• _GIVEN MATERIAL_
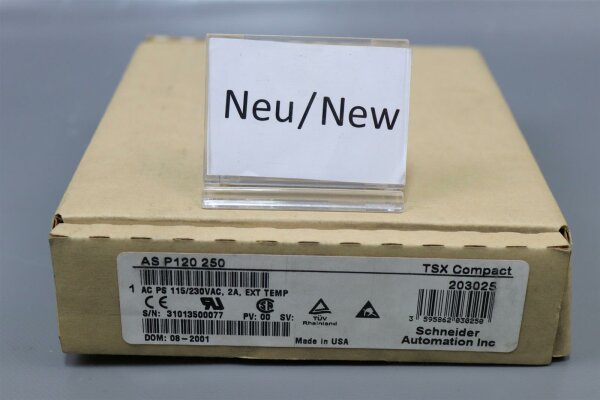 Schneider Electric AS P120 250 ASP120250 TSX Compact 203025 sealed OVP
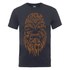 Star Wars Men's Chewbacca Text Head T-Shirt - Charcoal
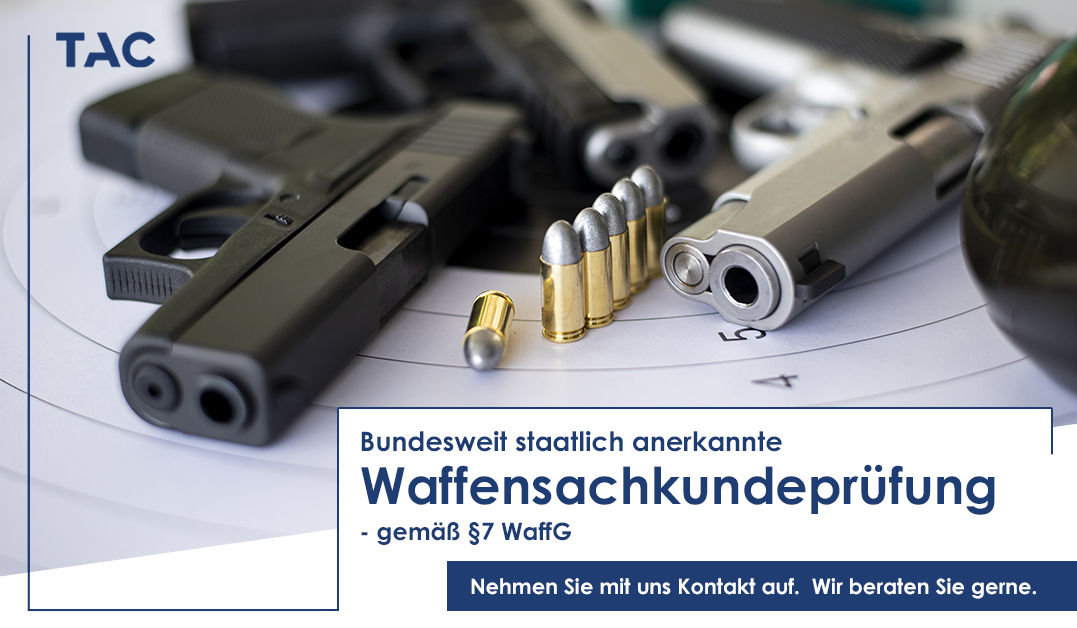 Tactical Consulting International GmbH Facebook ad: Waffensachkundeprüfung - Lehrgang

• _EXERCISE PROMPT_
Return nothing except the lines from the one containing "Star Wars Men's" through the final line of the data, copied exactly. Leave out all pictures.

• _TASK SOLUTION_
 Star Wars Men's Chewbacca Text Head T-Shirt - Charcoal
 Tactical Consulting International GmbH Facebook ad: Waffensachkundeprüfung - Lehrgang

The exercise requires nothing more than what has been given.